◆ TASK INSTRUCTIONS: Without including the pictures, copy each line below exactly as it reads.

◆ DATASET SECTION:

+ + + +

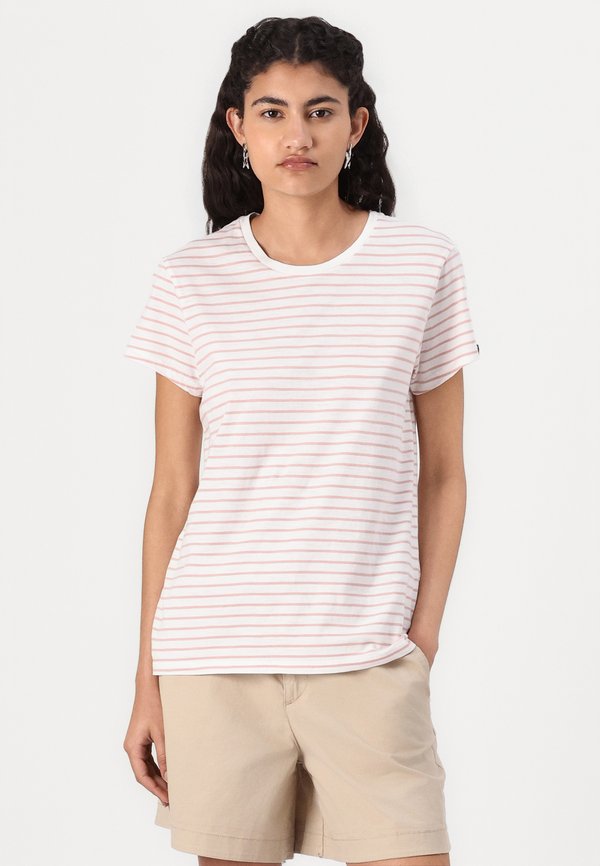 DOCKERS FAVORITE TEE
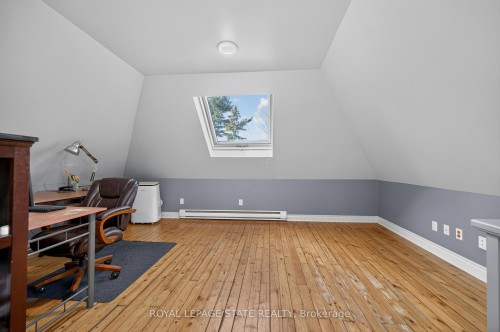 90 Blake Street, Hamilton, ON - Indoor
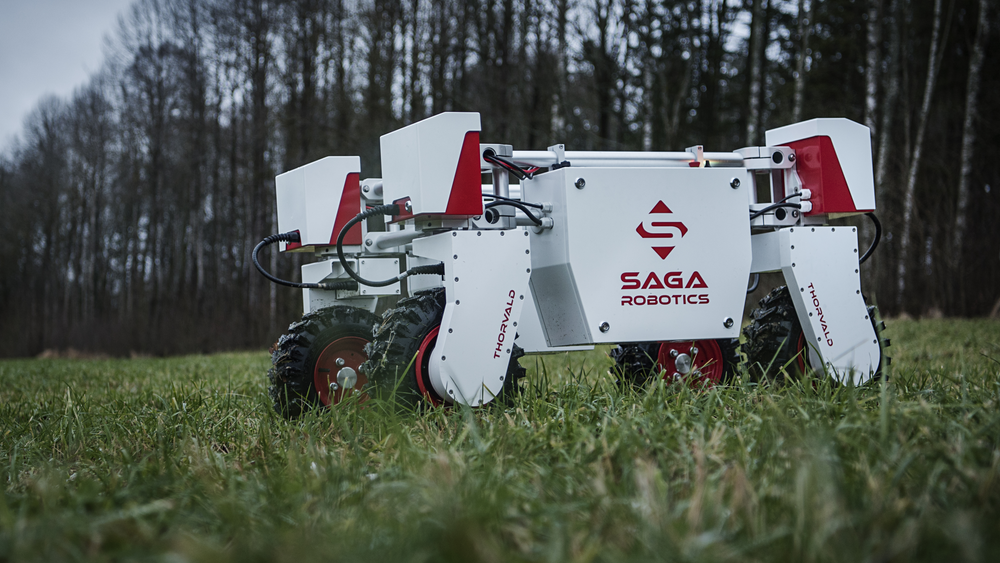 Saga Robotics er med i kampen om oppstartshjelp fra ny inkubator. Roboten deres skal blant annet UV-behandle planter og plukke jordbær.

+ + + +

◆ SOLUTION:
 DOCKERS FAVORITE TEE
 90 Blake Street, Hamilton, ON - Indoor
 Saga Robotics er med i kampen om oppstartshjelp fra ny inkubator. Roboten deres skal blant annet UV-behandle planter og plukke jordbær.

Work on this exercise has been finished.